◆ **Problem requirements**: Exclude the images and repeat all remaining entries exactly.

(Entries taken from a collection)
****

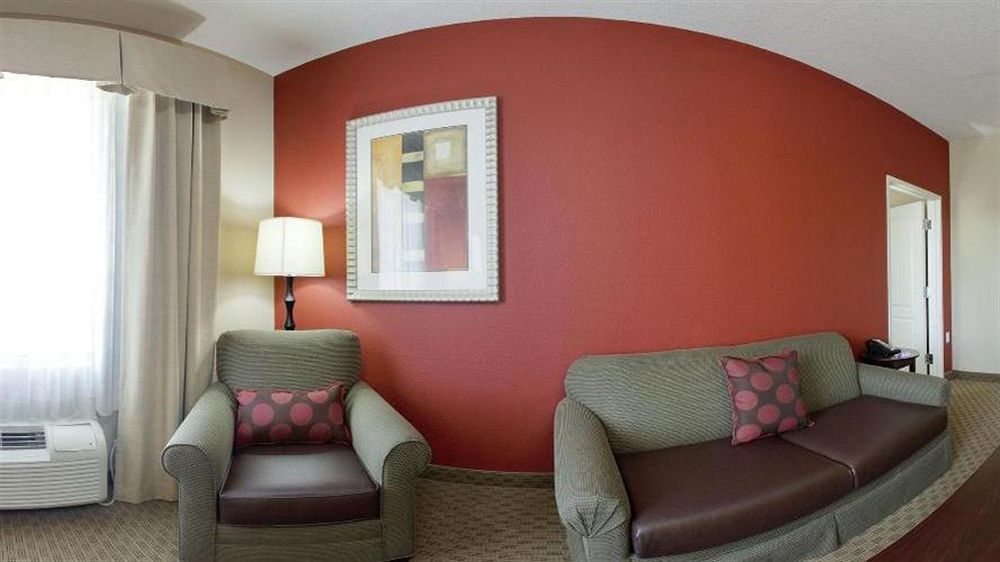 Express & South I-10 By Ihg Hotel 3*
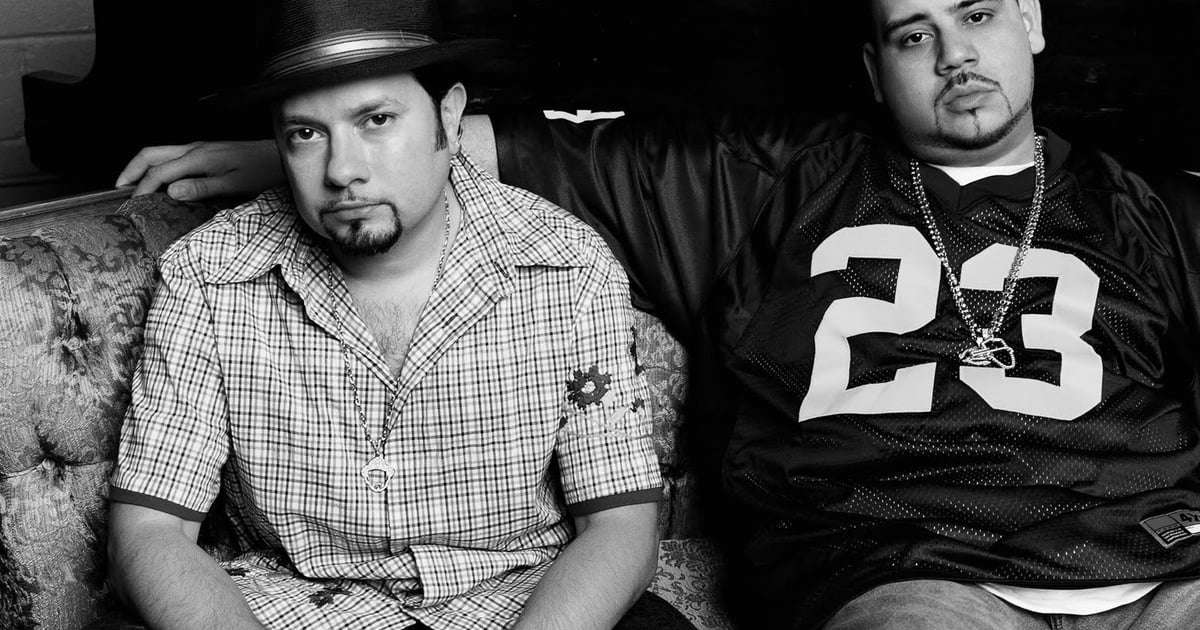Louie Vega et Kenny Dope assis ensemble pour un portrait de Masters At Work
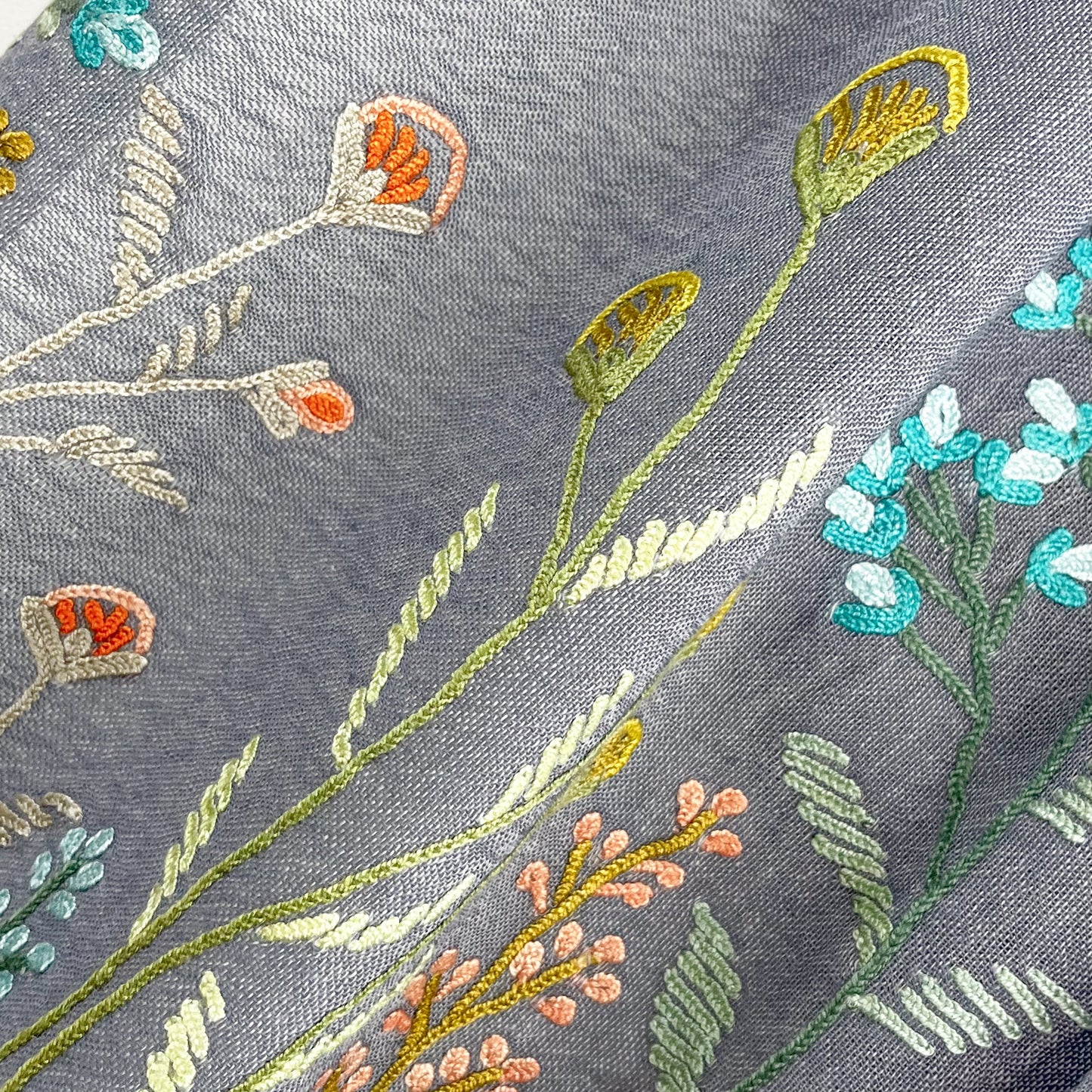 ウール&シルク アリー手刺繍ストール(グレー)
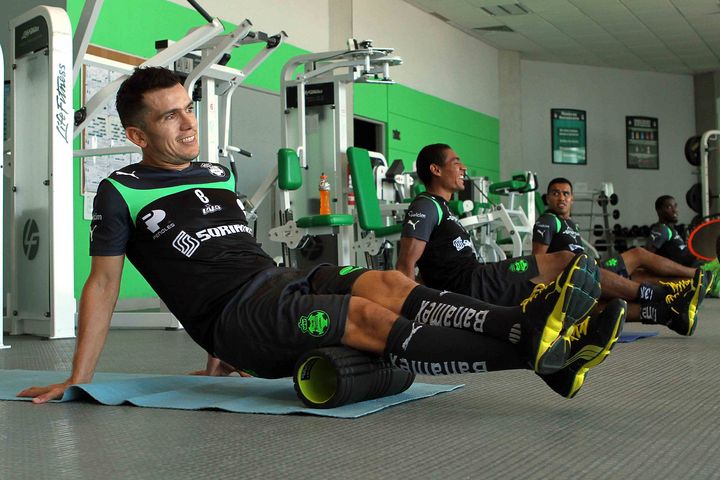 Los Guerreros dosifican las cargas de trabajo con trabajo de recuperación en el gimnasio. (Cortesía Club Santos)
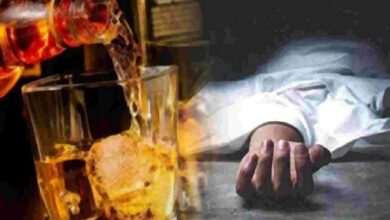 Photo of Noida News : नोएडा में शराब बनी युवक की दुश्मन, दोस्त के साथ शराब पी रहे युवक की मौत, पुलिस इन पहलुओं पर कर रही है जांच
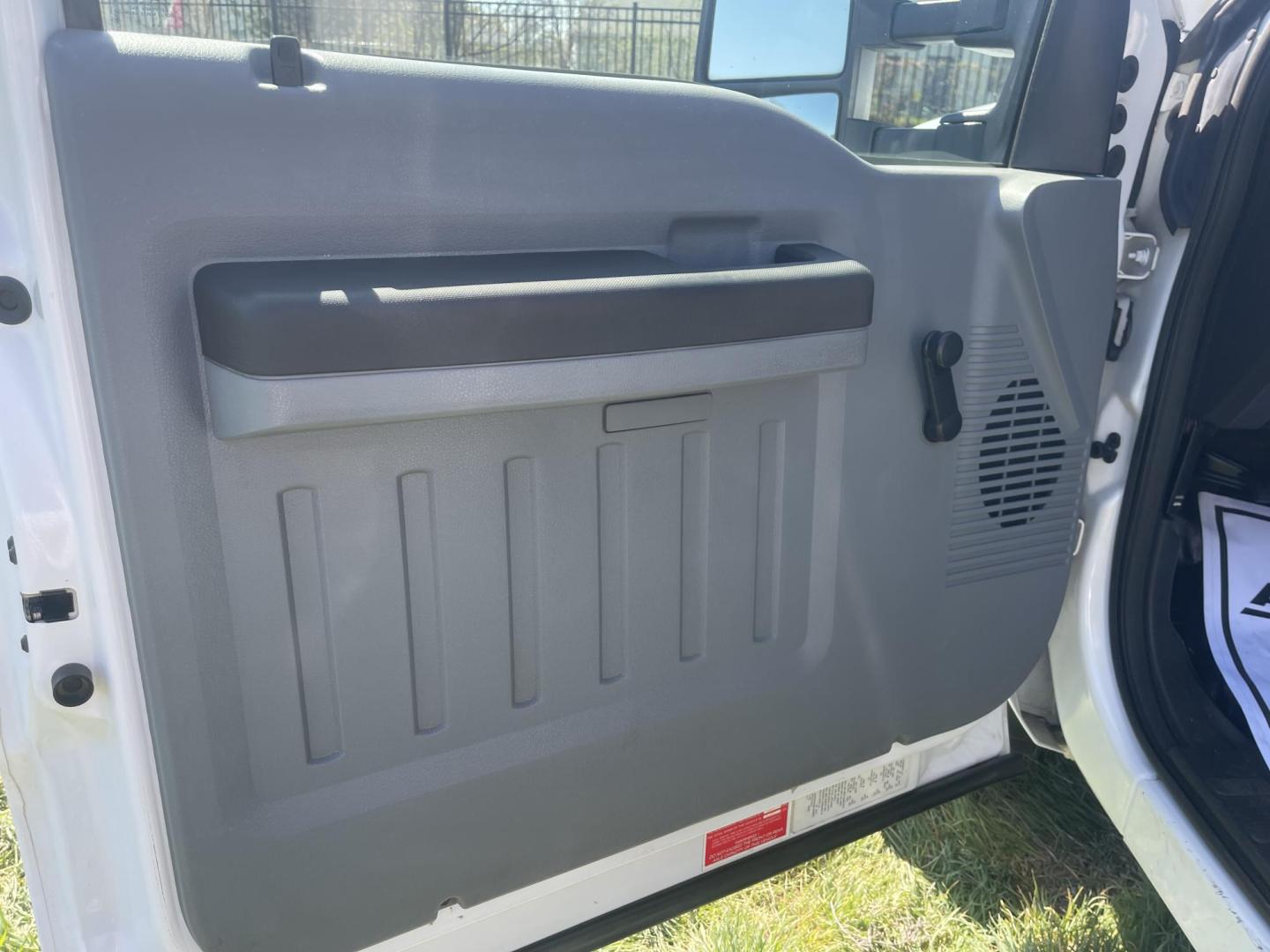 2012 White / Grey Ford F-450 SD Regular Cab DRW 4WD (1FDTF4HY7CE) with an 6.8L V10 SOHC 30V engine, AT transmission, located at 813 E Fairview Ave, Meridian , ID, 83642, (208) 336-8230, 43.618851, -116.384010 - 2012 Ford F450 Regular Cab, Flatbed, Dually, 4x4, with A/C, Tilt, and Cruise. Runs and drives excellent. If you need this configuration this is a great truck. - Photo#5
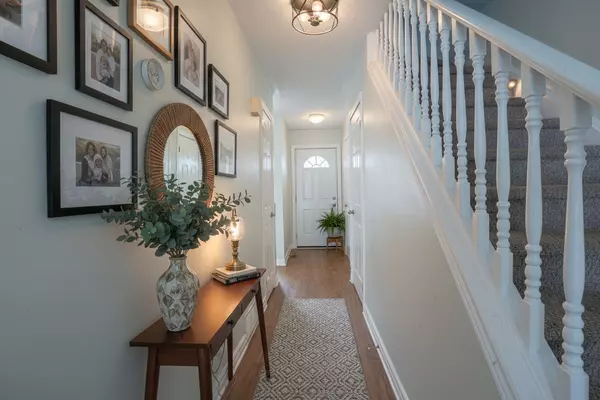 Norwich, ON N0J 1P0,10 Dufferin ST #4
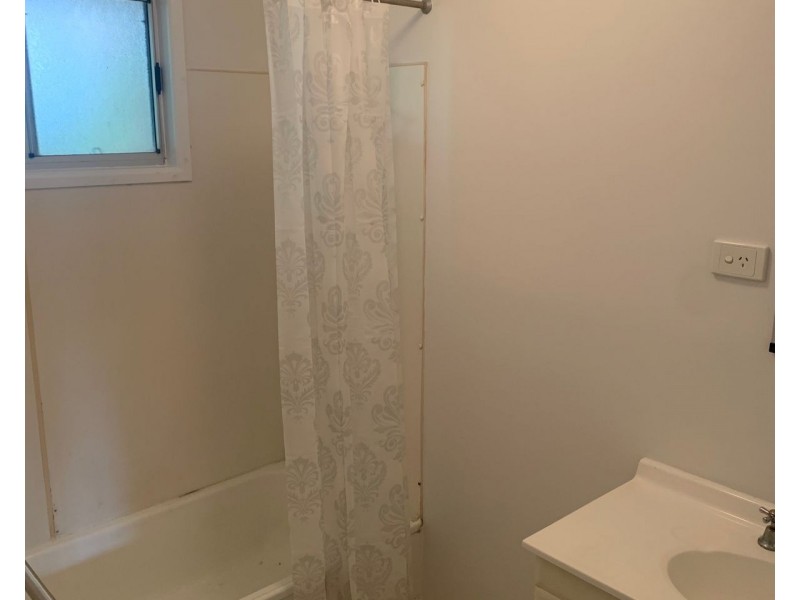 2/13 Osprey Close, Slade Point QLD 4740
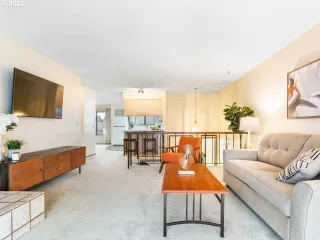 Photo #2: 22647307 Listing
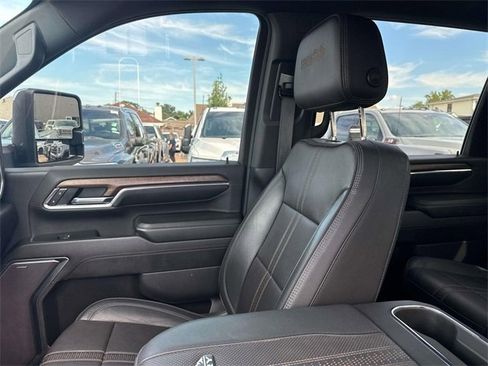 Used 2024 Chevrolet Silverado 2500 High Country w/ High Country Premium Package image 18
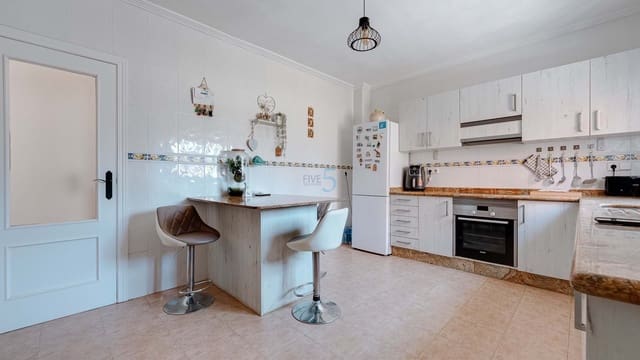 4 makuuhuone Huvila myytävänä paikassa Estrella de Mar, Cartagena mukana uima-altaan 
autotalli - 425 000 € (Ref: 9172349)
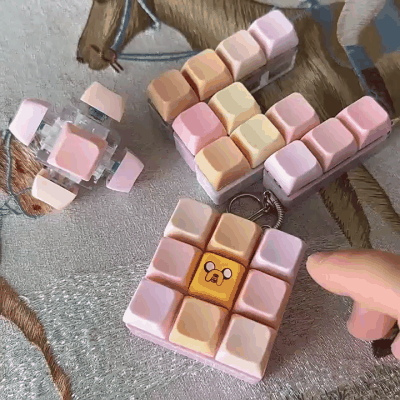 LBMLBM™  Stress Relief Mini Keyboard Keychain Fidget Toy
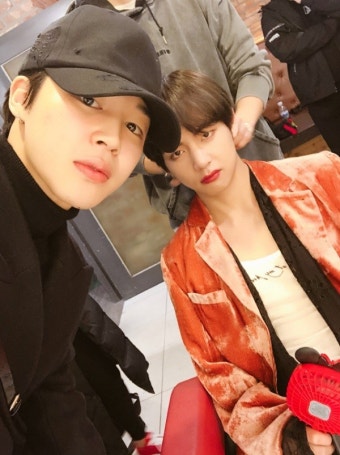 방탄소년단 뷔, 'Singularity' 컴백 트레일러 비하인드컷 공개…장난기 가득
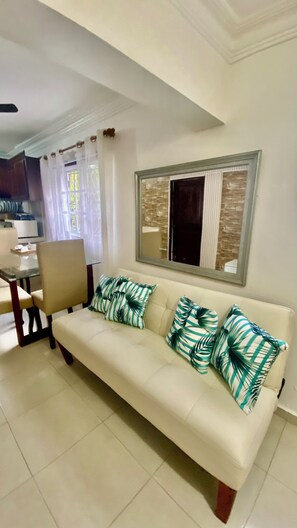 Apartment, 1 Bedroom, Smoking, Terrace | Living room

****

◆ **Response to this exercise**:
 Express & South I-10 By Ihg Hotel 3*
Louie Vega et Kenny Dope assis ensemble pour un portrait de Masters At Work
 ウール&シルク アリー手刺繍ストール(グレー)
 Los Guerreros dosifican las cargas de trabajo con trabajo de recuperación en el gimnasio. (Cortesía Club Santos)
 Photo of Noida News : नोएडा में शराब बनी युवक की दुश्मन, दोस्त के साथ शराब पी रहे युवक की मौत, पुलिस इन पहलुओं पर कर रही है जांच
 2012 White / Grey Ford F-450 SD Regular Cab DRW 4WD (1FDTF4HY7CE) with an 6.8L V10 SOHC 30V engine, AT transmission, located at 813 E Fairview Ave, Meridian , ID, 83642, (208) 336-8230, 43.618851, -116.384010 - 2012 Ford F450 Regular Cab, Flatbed, Dually, 4x4, with A/C, Tilt, and Cruise. Runs and drives excellent. If you need this configuration this is a great truck. - Photo#5
 Norwich, ON N0J 1P0,10 Dufferin ST #4
 2/13 Osprey Close, Slade Point QLD 4740
 Photo #2: 22647307 Listing
 Used 2024 Chevrolet Silverado 2500 High Country w/ High Country Premium Package image 18
 4 makuuhuone Huvila myytävänä paikassa Estrella de Mar, Cartagena mukana uima-altaan 
autotalli - 425 000 € (Ref: 9172349)
 LBMLBM™  Stress Relief Mini Keyboard Keychain Fidget Toy
 방탄소년단 뷔, 'Singularity' 컴백 트레일러 비하인드컷 공개…장난기 가득
 Apartment, 1 Bedroom, Smoking, Terrace | Living room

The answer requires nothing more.